Discussion in 'Europe' started by 1- Hansi, Aug 23, 2014.

  1. 1- Hansi

    1- Hansi Adventurer

    Sep 10, 2013
    Fr. num: WB10439A54ZF50068
    October 2013, i bought a BMW R1150R - 2004, in Los Angeles. Traveled for 8 months - 23 states + Canada. Took the bike with me home to Norway, and the trouble began. Because of some COC rules, it look like it is impossible / difficult to get Norwegian plates on the bike.
    1. Do anyone on this site know where / how to get COC certificate on a BMW R1150R - in Germany ( TUV ) ?
    2. Can I drive in European Countries with USA plates ?
  2. trefall

    trefall Adventurer

    May 8, 2014
    Many on here know more than I do BUT, I'm sure you can ride in Europe with US plates. I doubt the various countries check to see if you have a US passport with a US bike. Best of luck on the problem.
  3. Hollyr

    Hollyr Vesterislendingur

    Jan 3, 2011
    Ancaster, ON
    That would be fine for photo radar, but it you are stopped it isn't going to fly. Lots of US and Canadian citizens use N. American plated bikes in Europe. Rather than paying to ship the bike back, we often sell it to another N. American who wants to ride in Europe. Stefan Knopf knows all the rules from years of dealing with these situations. http://knopftours.com/
    Talk to him.
  4. swamp

    swamp Woods Junkie

    Feb 14, 2007
    lower appalachia, Alabama
    what is their reasoning for not allowing you to register YOUR motorcycle in YOUR country?sounds like they want money
  5. Simplyred

    Simplyred Adventure is a State of Mind.

    May 18, 2011
    You speak about "export". When it IS export, then you have succesfully dis-registered your bike in the US and entered it into an EU State as import. Are you European or US citizen?
    Since if you are US cititzen riding around in Europe, technically it is not export and you would not have any documents probably stating that this is an export. If you are f.e. German, and you would have really EXPORTED the bike from the US, then the basic principle is, that you CAN NOT drive with US plates around here, for obvious reasons, of course fiscal ones (you did not pay taxes in the receiving State?) but also because your bike then would not be registered anywhere. What in case of accidents, speeding tickets, etc etc etc ?
    That said, there is a EU regulation somewhere, that under specific circumstances you may drive with a special "transit" license/plates so you do not have to import (=pay taxes etc etc) I believe you can do that for 6 months. But then, after those 6 months, you would either have to import then, or have it sold within.
    If you are a German and ride into Germany with US Plates, EU Law allows for Germany to have that seen as IMPORT at once, and you may even have to pay whilst staying at the border with the customs. That can be VERY pricey and if you can not pay cash, they will confiscate your bike.
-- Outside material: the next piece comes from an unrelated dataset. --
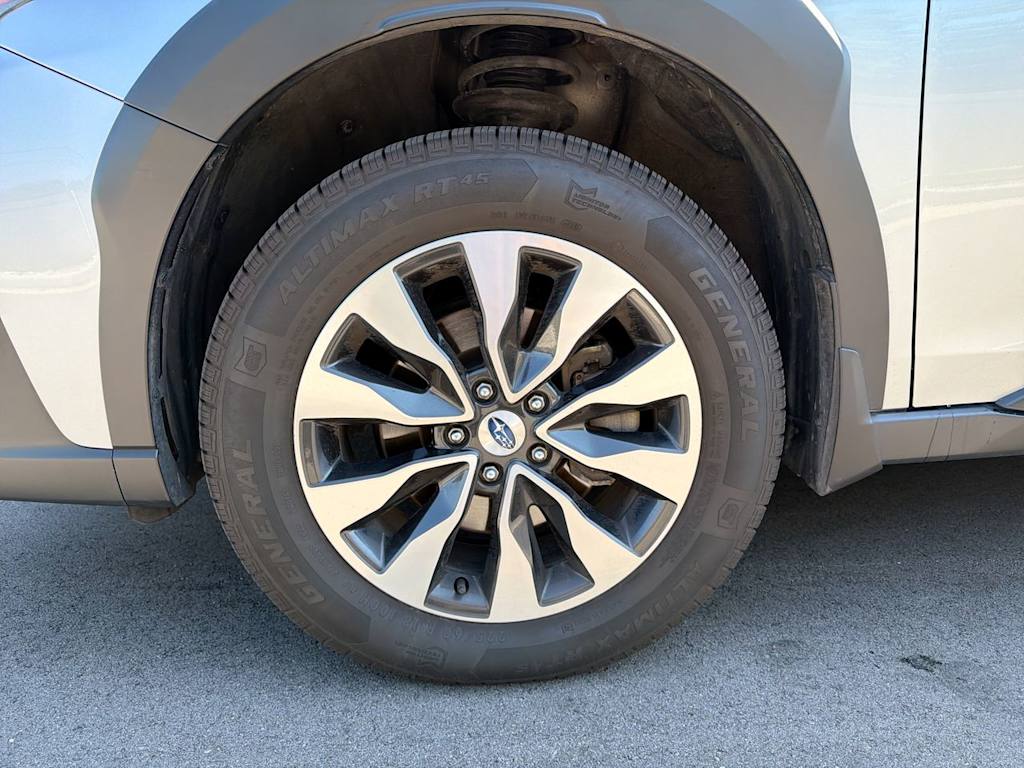 Thumbnail: 2024 Subaru Outback - 8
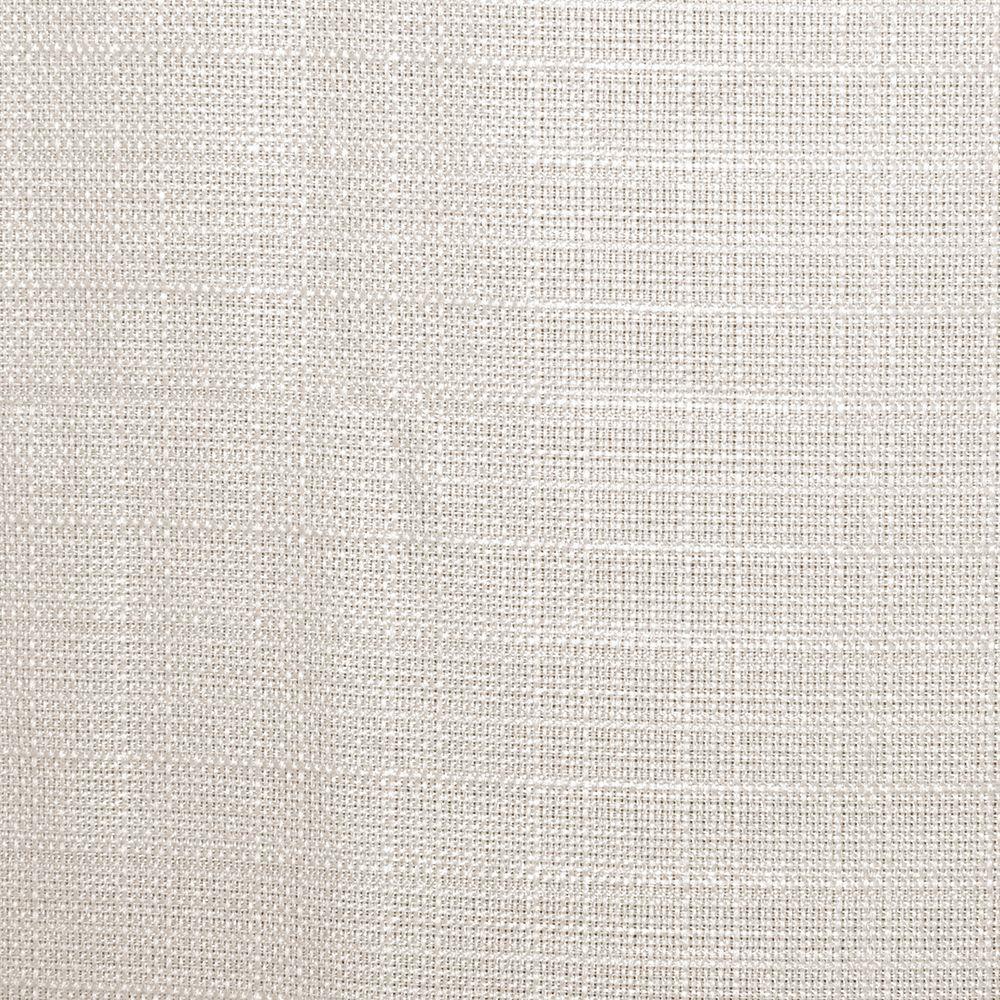 	 Set cortina 8 pzas Amalia pasatubo 140x225 Crudo-3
So it really depends on a lot of things, what your nationality is, where you are listed as a civilian, etc etc.
  6. Mark.F

    Mark.F Been here awhile

    Aug 1, 2008
    I don't about Norway but in the UK you can definitely register a bike that was previously owned in the states so I don't know why it's impossible in Norway.
    Can you register a bike from a EU country? If so maybe you could get it registered in the UK then import it to Norway?
  7. gunnirider

    gunnirider Adventurer

    Jun 10, 2007
    western CO
    i bought my bike, '96 GS, from another American. it's titled and registered in Colorado with CO plates on the bike. i've been riding it for 6 years now all over the EU and Switzerland. been stopped a few times and even got a ticket in France(passing on a solid white line.....who doesn't?). all they ever want to see is your "green card" insurance for the Schengen states. i buy mine from Stefan Knopf....same guy mentioned above. i keep the bike in France now since that's where i live in the winter since retirement. i keep up to date plates and registration in CO and ride with the CO plates. i just scan all my updated documents to Stefan each year and he sends my insurance to my address in France. good luck
  8. CA Stu

    CA Stu Master of air potatofication Super Moderator

    Aug 27, 2004
    Riverside, CA
    Not concerning "Access issues, Action Alerts, and Conservation Measures", moved to Regionals - Europe.
  9. catweasel67

    catweasel67 RD04

    Aug 18, 2009
    Vienna, Austria
    +1 on the insurance thing.

    My old UK plated VF was a Yank import (back when Greenham Common was a USAF base).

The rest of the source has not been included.